Warum Olympia und die Fussball-EM das Schweizer BIP erhöhen

In diesem Jahr legt die Schweizer Wirtschaft gemäss der KOF Prognose um 1.6% zu. Dabei geht ein Viertel des Anstiegs auf das Konto der Fussball-EM in Deutschland und der Olympischen Spiele in Paris. KOF Ökonom Alexander Rathke erklärt die Hintergründe dieses Effekts.

In wenigen Tagen beginnt die Fussball-Europameisterschaft in Deutschland. Und nur knapp zwei Wochen nach dem EM-Finale in Berlin werden schon die Olympischen Spiele in Paris eröffnet. Diese beiden Grossereignisse sind nicht nur für Sportfans relevant, sondern auch für die Konjunkturforschung – zumindest aus Schweizer Perspektive. Denn durch EM und Olympia steigt das Schweizer Bruttoinlandprodukt (BIP) um 0.4 Prozentpunkte. Ohne die beiden Wettkämpfe würde das BIP gemäss der KOF Konjunkturprognose nur um 1.2% steigen, mit den beiden Events beträgt die Steigerungsrate 1.6%.

Wie kommt dieser Effekt zustande? «In der Schweiz sitzt neben dem Europäischen Fussballverband (UEFA) und dem Weltfussballverband (FIFA) auch das Internationale Olympische Komitee (IOC)», erklärt Alexander Rathke, Leiter der Sektion Schweizer Konjunktur, «und diese Organisationen verbuchen alle zwei Jahre durch den Verkauf von Übertragungs- und Markenrechten für EM, WM und Olympia hohe Einnahmen», so Rathke weiter.

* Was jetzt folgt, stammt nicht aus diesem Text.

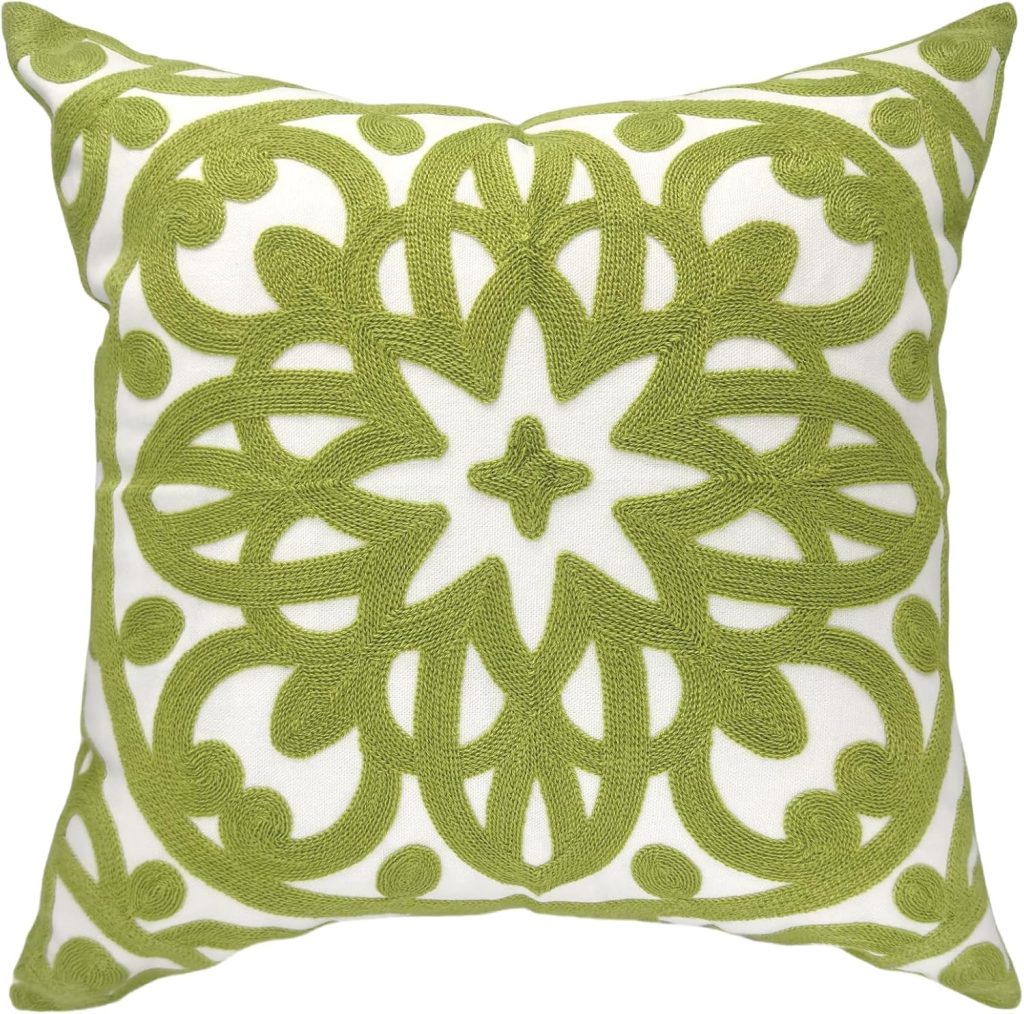 Square decorative pillow with a white background and an intricate green embroidered floral and scroll pattern covering the surface. This bold, symmetrical design adds a touch of elegance, perfect for refreshing your space with springtime throw pillows.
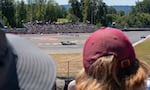 David Commeree, left, and Jerod Davis, right, watch the NTT Series IndyCars speed through turns one, two and three.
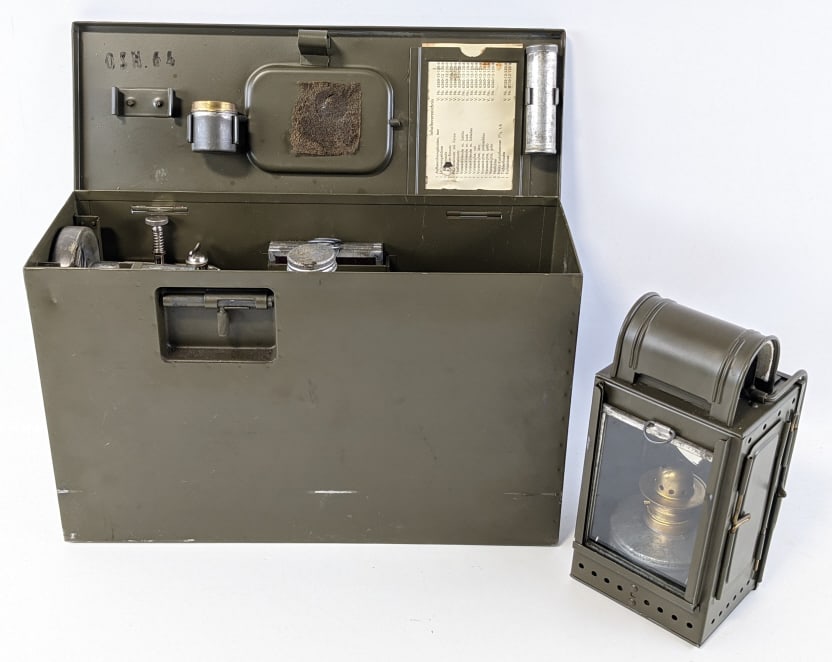 WW2 German Signal Lantern Kit w/ Case: WW2 German Signal Lantern Kit w/ Case. Kit includes additional lenses, kerosene wick, candles, & reflector. All pieces are in very nice condition with some light wear from use and age. Case measures 1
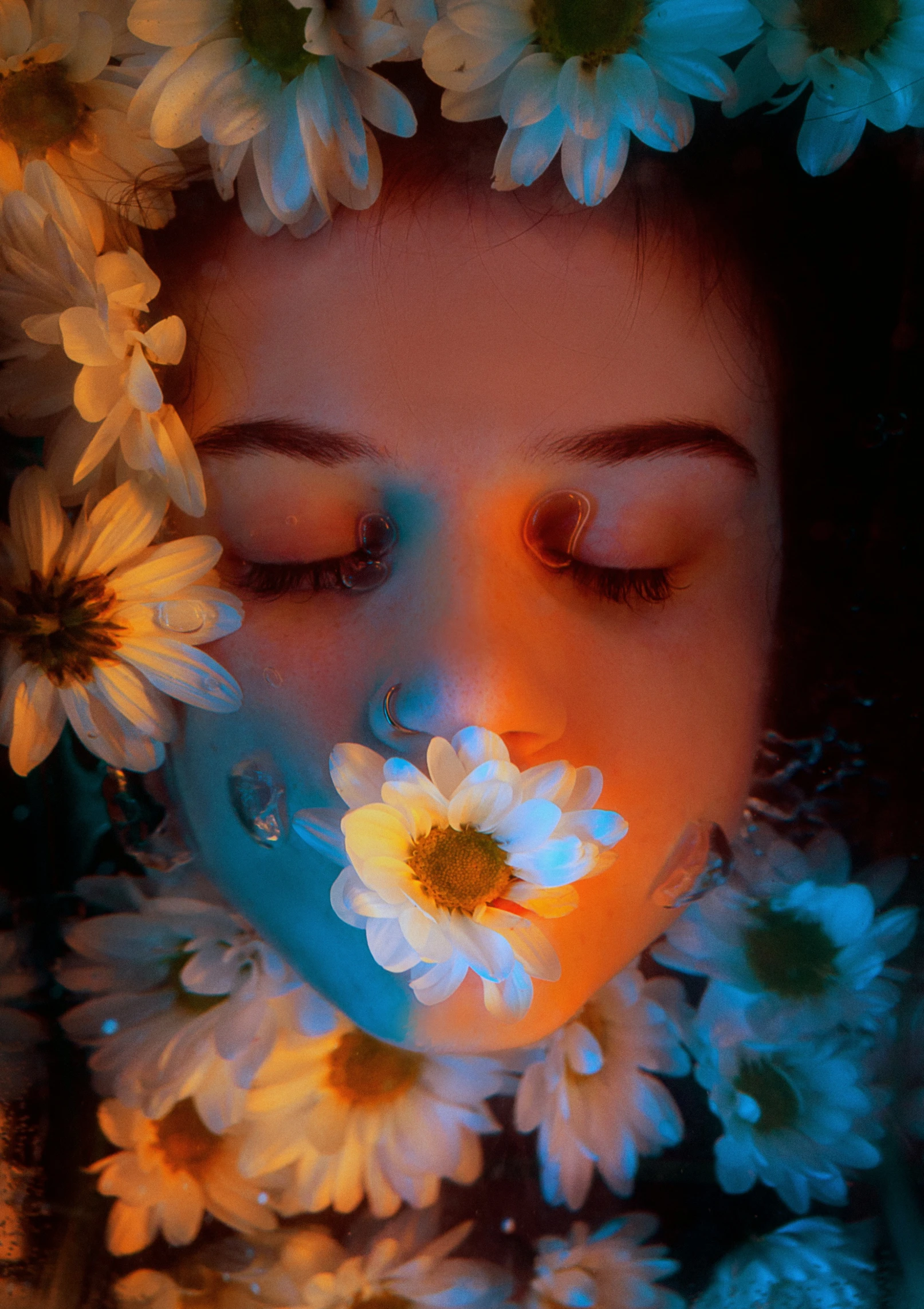 a woman with eyes closed behind flowers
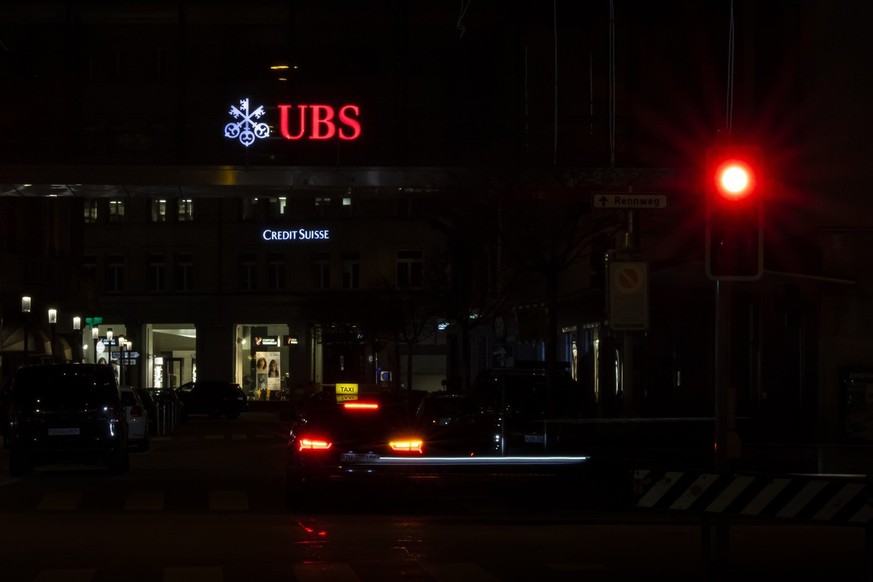 The illuminated logos of the Swiss banks Credit Suisse and UBS are seen on buildings next to traffic lights in Zurich, Switzerland on Saturday, March 18, 2023. (KEYSTONE/Michael Buholzer).
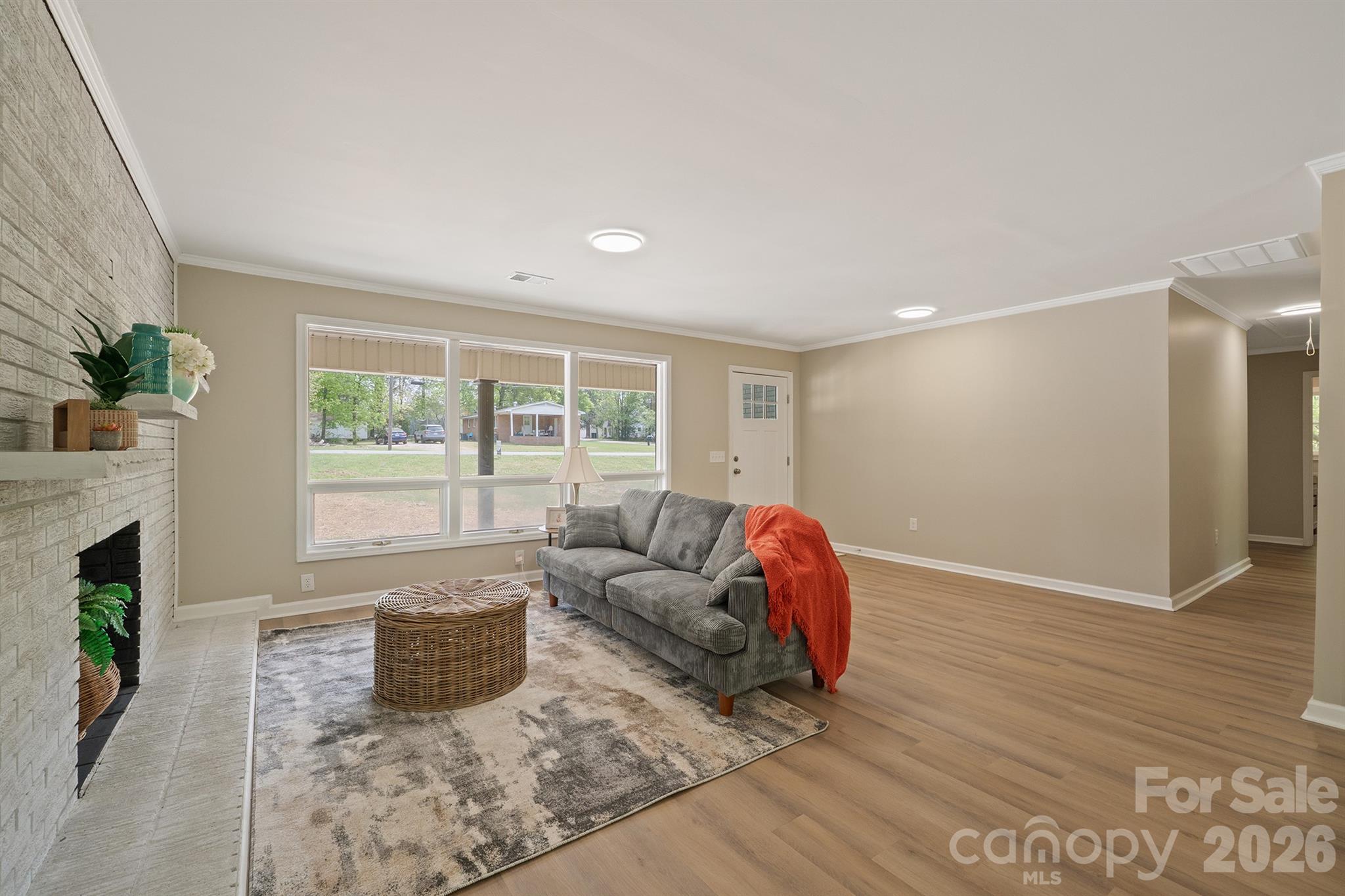 624 Flicker Street Concord, NC 28027 - Photo 9 of 47 a living room with furniture and a fireplace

Für ein kleines Land wie die Schweiz sorgen die Einnahmen für Schwankungen des BIP, die nichts mit dem eigentlichen Konjunkturverlauf zu tun haben. Auch auf die Beschäftigung haben diese Schwankungen nur marginale Effekte. So wird das Schweizer BIP im kommenden Jahr, wenn keine sportlichen Grossereignisse stattfinden, wieder genau um die oben genannten 0.4 Prozentpunkte geschmälert (auf 1.4% statt sportbereinigt 1,8%).  

Vergrösserte Ansicht: G 1: Einnahmen IOC / UEFA EURO
G 1: Einnahmen IOC / UEFA EURO

«Das nicht bereinigte BIP gibt falsche Signale»

Aus diesem Grund berechnet die KOF grundsätzlich neben dem klassischen BIP auch das sport-bereinigte BIP. Letzteres ist für die Konjunkturbeobachtung sogar relevanter. «Das nicht bereinigte BIP gibt falsche Signale», erklärt Rathke. So sinkt die Wachstumsrate des nicht bereinigten BIP im nächsten Jahr (von 1.6% auf 1.4%), obwohl konjunkturell die Tendenz aufgrund der erwarteten weltwirtschaftlichen Erholung genau umgekehrt ist (die KOF prognostiziert sporteventbereinigt einen Anstieg der Wachstumsrate von 1.2% auf 1.8%).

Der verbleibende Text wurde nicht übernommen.